1) It has to have at least two women in it
2) who talk to each other
3) about something besides a man
So, do my books pass the Bechdel Test?
FREAK OBSERVER: Loa and Esther talk about the planet Jupiter, which they see very differently. Loa also talks to counselors, teachers, and her mom.
CATCH & RELEASE: Polly and her mom have a few small exchanges. Most conversations are with Odd in D'Elegance though.
BLACK HELICOPTERS: TheoAnne, Daverleen, and Teal all talk to Valley. So does Ava, while bathing Valley as she prepares for her suicide mission.
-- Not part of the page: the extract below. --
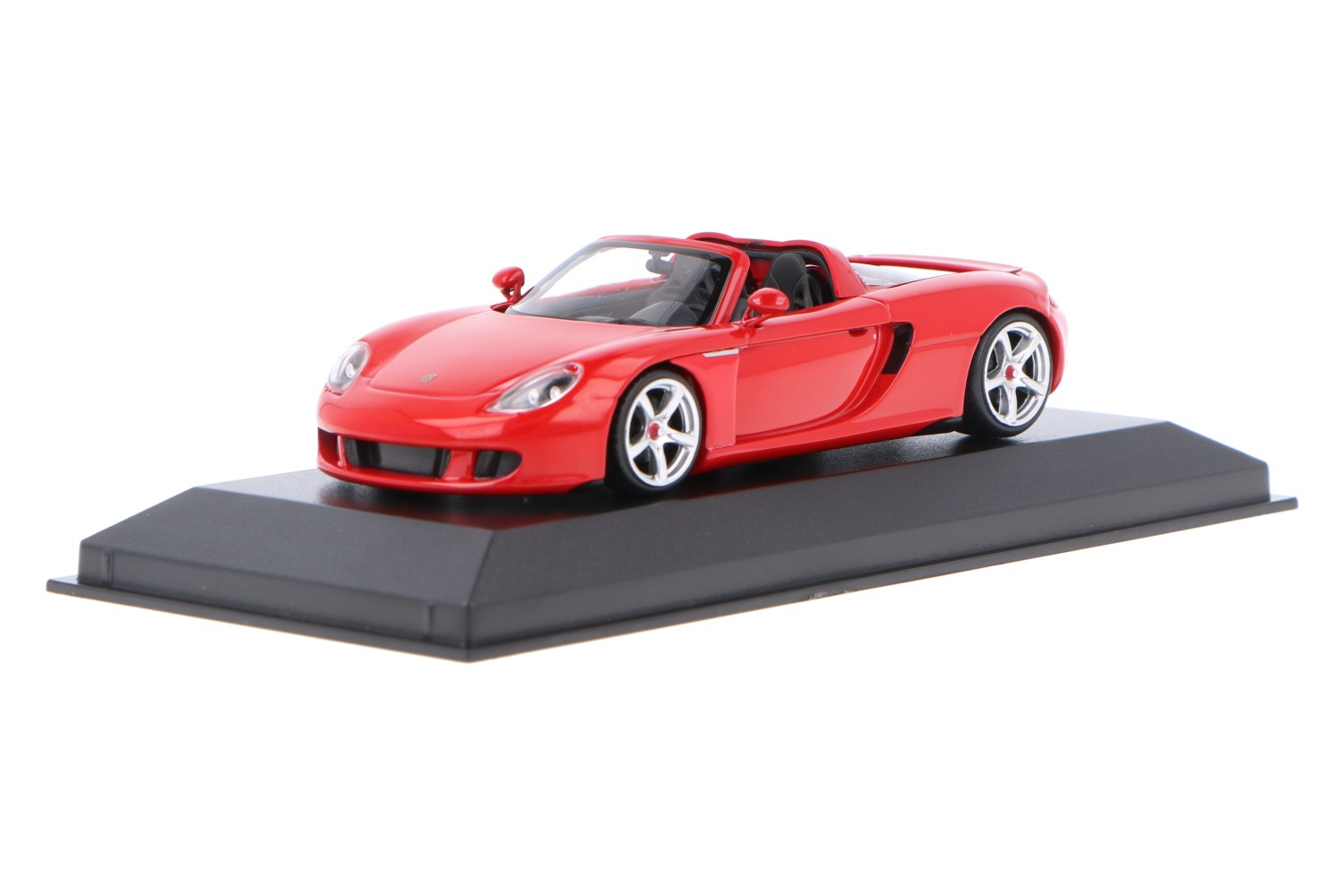 Porsche Carrera GT | House of Modelcars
Valley lives among men, and only men, for most of her short life.
1910: There are many conversations between women in this one...about swimming, voting, vibrators, and Halley's Comet among other things.
So my books pass, although with some low scores. Which is a little weird because I consider myself fiercely feminist.
I think the more interesting matter is the sorts of things that are the topics of conversation in all the books. It matters, I think, what Odd has to say about his mother and his sister and his Gramma Dot. It matters that Polly identifies herself as a Vagina American and thinks about the rights of Muslim women to wear the niqab. It matters that Valley becomes Valkyrie, and that she isn't the only female suicide bomber in the world.
The Bechdel Test is a good place to start a conversation about conversation, the things we say to each other, how we value those ideas, and what it means if we don't, actually, value that other voice at all. Because, honestly, the real world should pass the Bechdel Test.